The seaplane that crashed in the Hawkesbury River on New Year's Eve, killing six people, has been recovered in
what police are describing as a "complex operation".
The main body of the 55-year-old de Haviland DHC-2 Beaver, including the engine, the propeller, the floats and the tail, were lifted out of the water and lowered onto a barge in Jerusalem Bay.
Authorities covered the wreckage with a tarpaulin due to the sensitive nature of the operation.
Divers are still searching for the last parts of the plane as well as some personal effects of the victims whose relatives will soon be on scene.
All parts of the plane will be taken to the Australian Transport Safety Bureau in Canberra for analysis.
Detective Superintendent Mark Hutchings said upon seeing the wreckage it was obvious the aircraft had hit the water with significant impact due to the severe damage caused.
The Australian Transport Safety Bureau's (ATSB) executive director Nat Nagy said over the next month a report into the facts surrounding the accident would be compiled.
"Then over the course of the next 12 months we will complete a report ... to find out exactly what went wrong with the goal of improving safety and preventing an accident like this happening again," he said.
Earlier it was revealed in a report from the ATSB that the craft was "destroyed" in a fatal accident 20 years ago.
The plane was once a crop duster that was involved in a serious crash near Armidale in November 1996, killing the pilot.
Investigators were unable to work out what caused the crash, but said it was likely the aircraft stalled and the pilot was unable to regain control before it struck the ground.
The report states the plane was "destroyed", but the Civil Aviation Safety Authority has confirmed that a specialist engineer assessed the damage and said it was repairable.
The 55-year-old de Haviland DHC-2 Beaver, which was making a right turn immediately before the crash into the river north of Sydney, had only recently had its engine rebuilt.
It was built in Canada in 1963 and bought by Sydney Seaplanes in 2006.
The ATSB are still investigating what happened in the final moments of the Hawkesbury River crash but said there was no evidence of any systemic problems with the plane.
Family thank witnesses who tried to help
Leading British CEO Richard Cousins, his two sons, his fiancee and her 11-year-old daughter died when the plane, returning from an upmarket restaurant, dived into the river.
The brothers of Mr Cousins, Simon and Andrew Cousins, have just arrived in Australia and on Thursday issued their first statement since the accident.
"We are fortunate and thankful for the outpouring of love and support we've received from across the world," they said.
"We are deeply touched by the tributes to Richard, William, Edward, Emma and Heather in the media and throughout the community."
The brothers said they were thankful for the Sydney Water Police and the witnesses to the disaster who helped at the scene.
"We are also thankful for the tremendous support received from Compass Group, Richard's employer, the British Consulate General in Sydney and all those in Australia who have expressed their condolences.

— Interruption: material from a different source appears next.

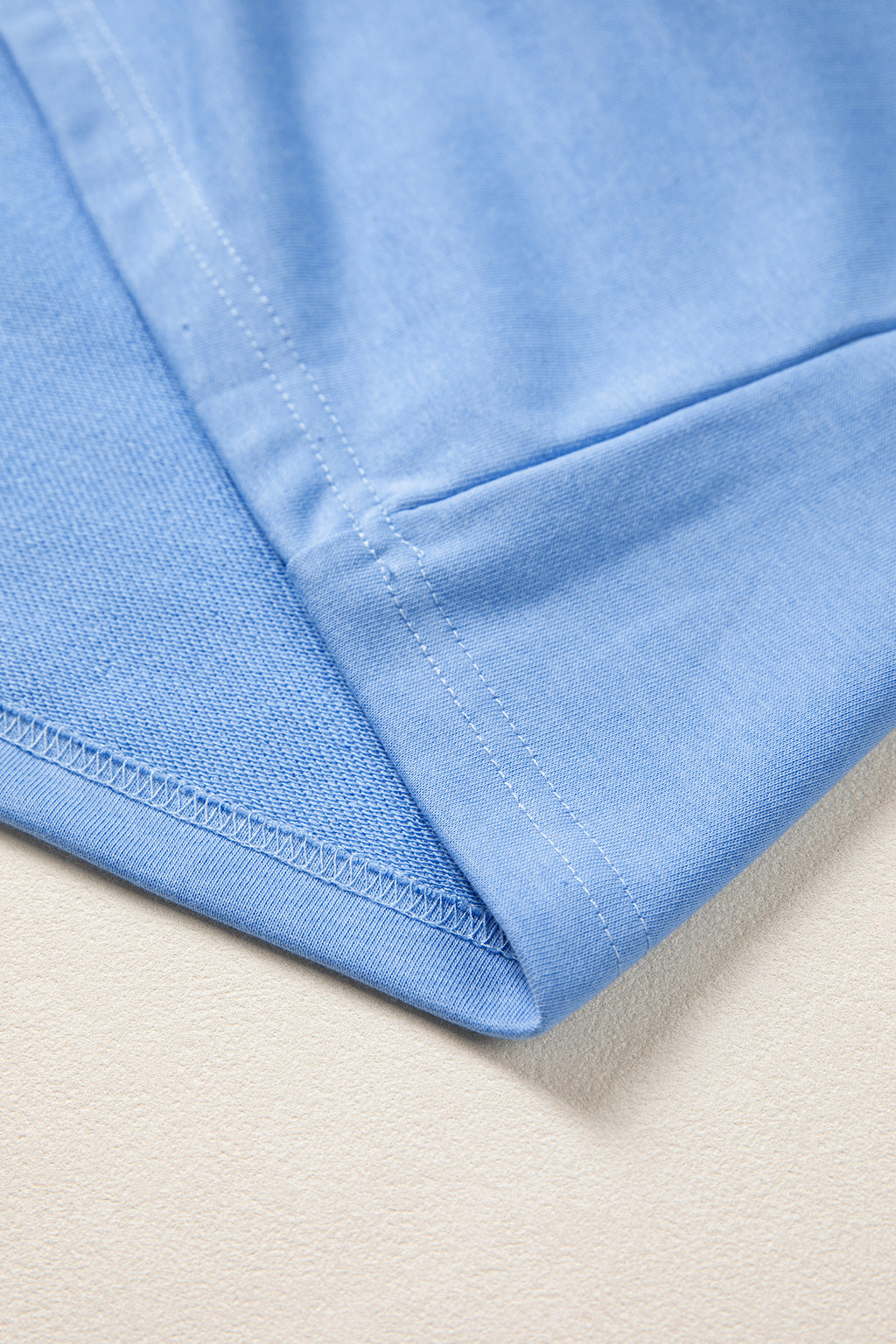Sky Blue Striped Frilled Collar Short Sleeve Blouse
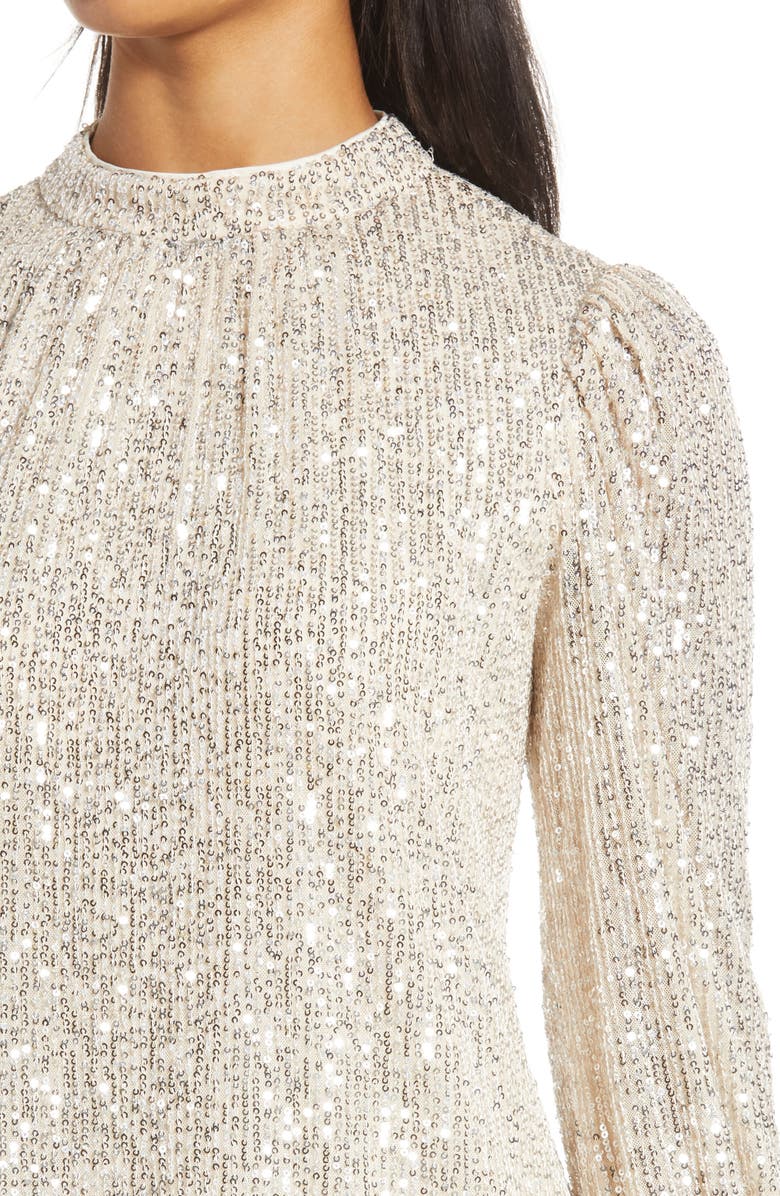 Julia Jordan Sequin Long Sleeve Shift Dress, Alternate, color, Ivory Silver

"On behalf of our extended families we thank you for allowing us to grieve privately during this difficult time and respect our decision to not participate in any media interviews."
Plane 13 metres deep
Divers used surface supply hoses for air and communication with a boat above and inflatable lift bags were used to raise the plane to the surface.
It was estimated to be 13 metres below the surface.
As part of its investigations into the ditching of the plane, the ATSB will examine information from mobile phones and cameras that may have been on board, as well as any vision witnesses are able to provide.
If any faults with the plane become apparent, the ATSB will notify operators immediately but there is no evidence there are any broader problems.
The bureau has declined to say the crash resulted from a nosedive and are still piecing together information about what happened moments before impact.